**Material provided**
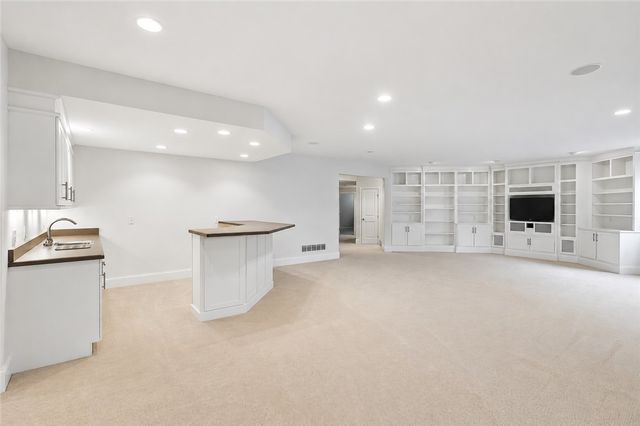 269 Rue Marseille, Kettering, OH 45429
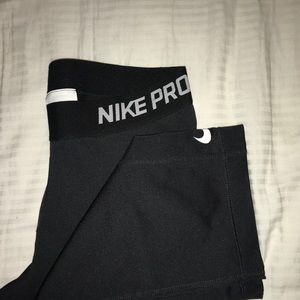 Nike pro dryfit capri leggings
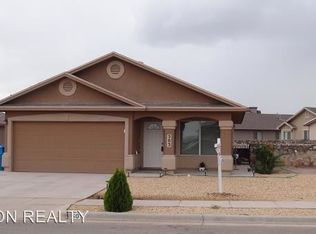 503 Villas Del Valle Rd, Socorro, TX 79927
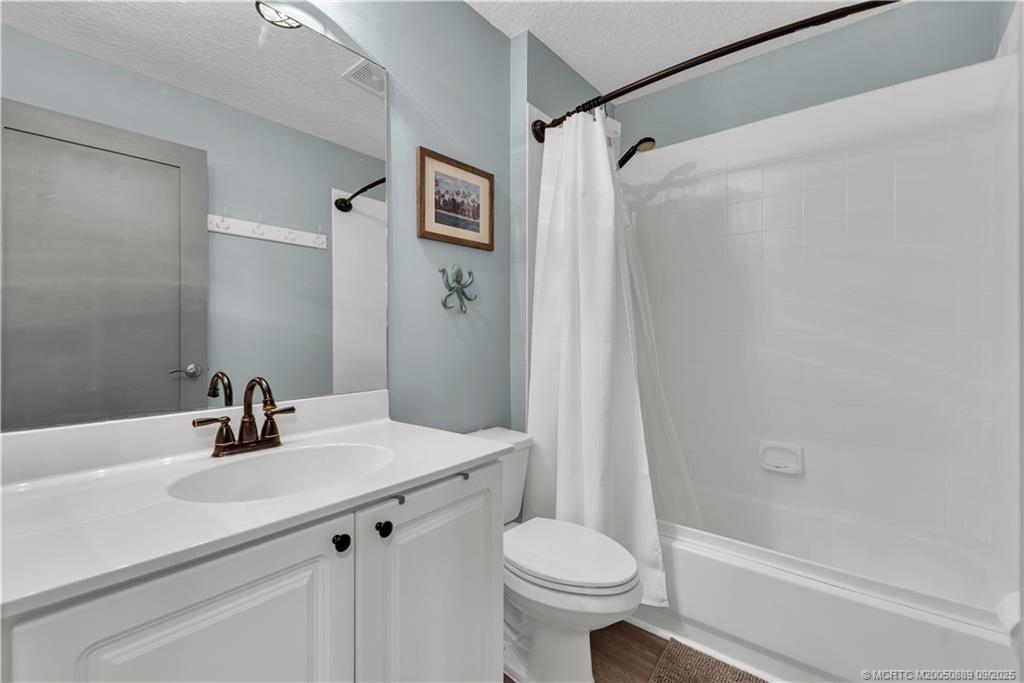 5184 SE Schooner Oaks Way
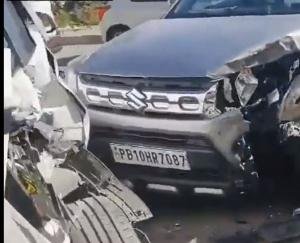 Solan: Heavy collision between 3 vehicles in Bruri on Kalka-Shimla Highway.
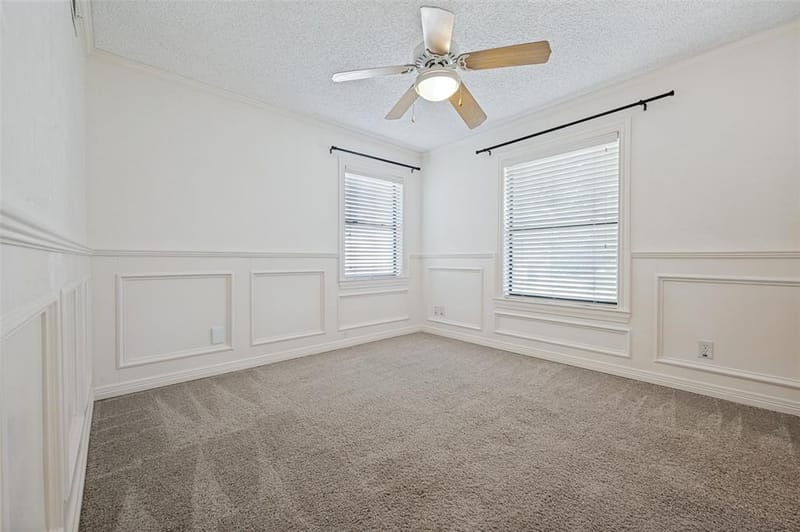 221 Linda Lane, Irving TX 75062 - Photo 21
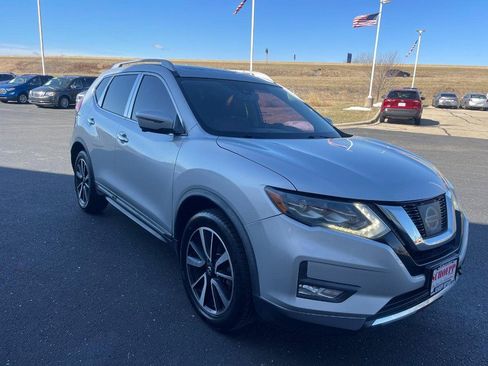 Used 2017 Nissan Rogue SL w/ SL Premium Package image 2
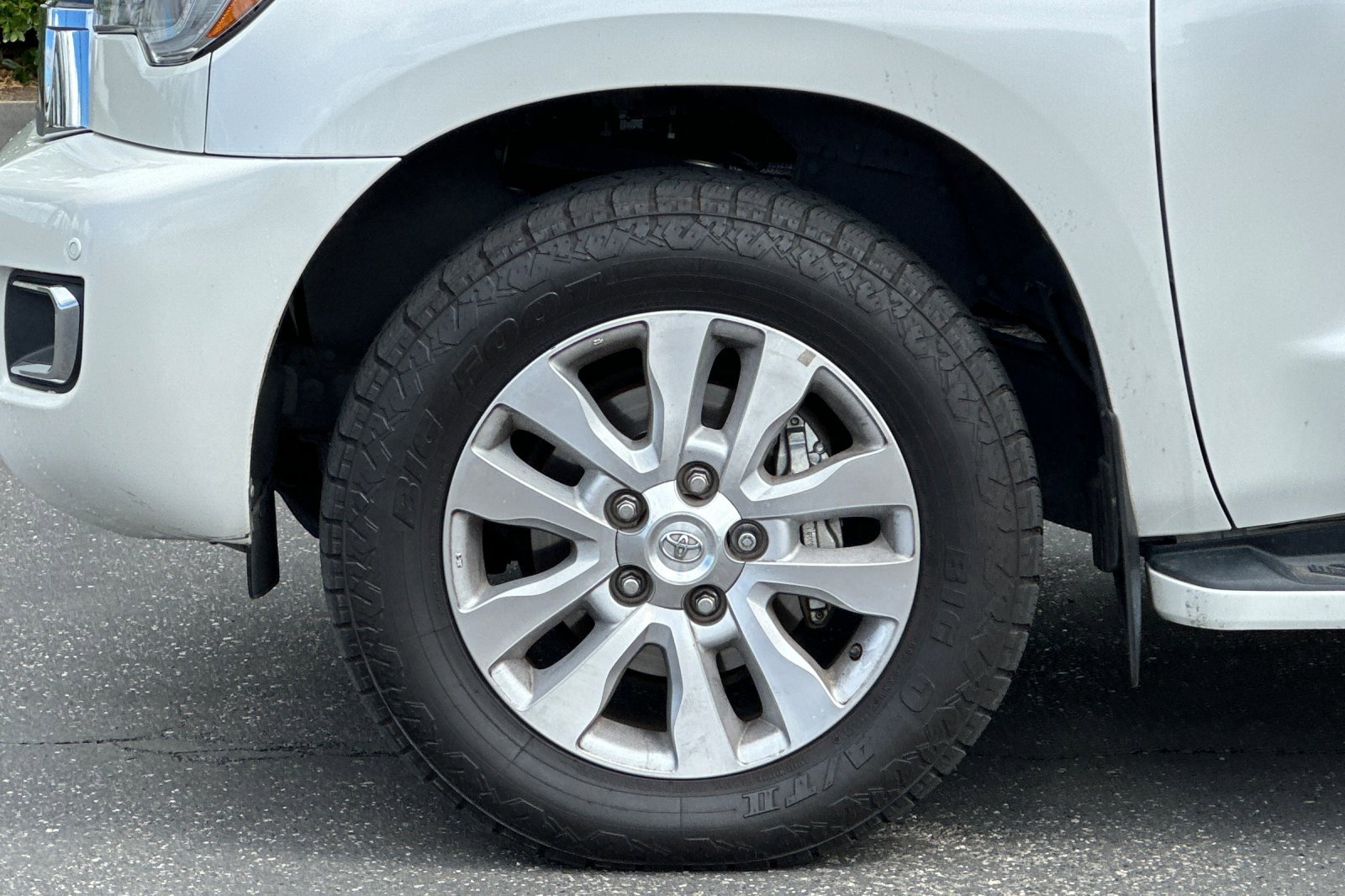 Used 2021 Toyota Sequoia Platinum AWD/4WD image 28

**Task details**
Repeat the records verbatim, excluding pictures.

**Response area**
 269 Rue Marseille, Kettering, OH 45429
 Nike pro dryfit capri leggings
 503 Villas Del Valle Rd, Socorro, TX 79927
 5184 SE Schooner Oaks Way
 Solan: Heavy collision between 3 vehicles in Bruri on Kalka-Shimla Highway.
 221 Linda Lane, Irving TX 75062 - Photo 21
 Used 2017 Nissan Rogue SL w/ SL Premium Package image 2
 Used 2021 Toyota Sequoia Platinum AWD/4WD image 28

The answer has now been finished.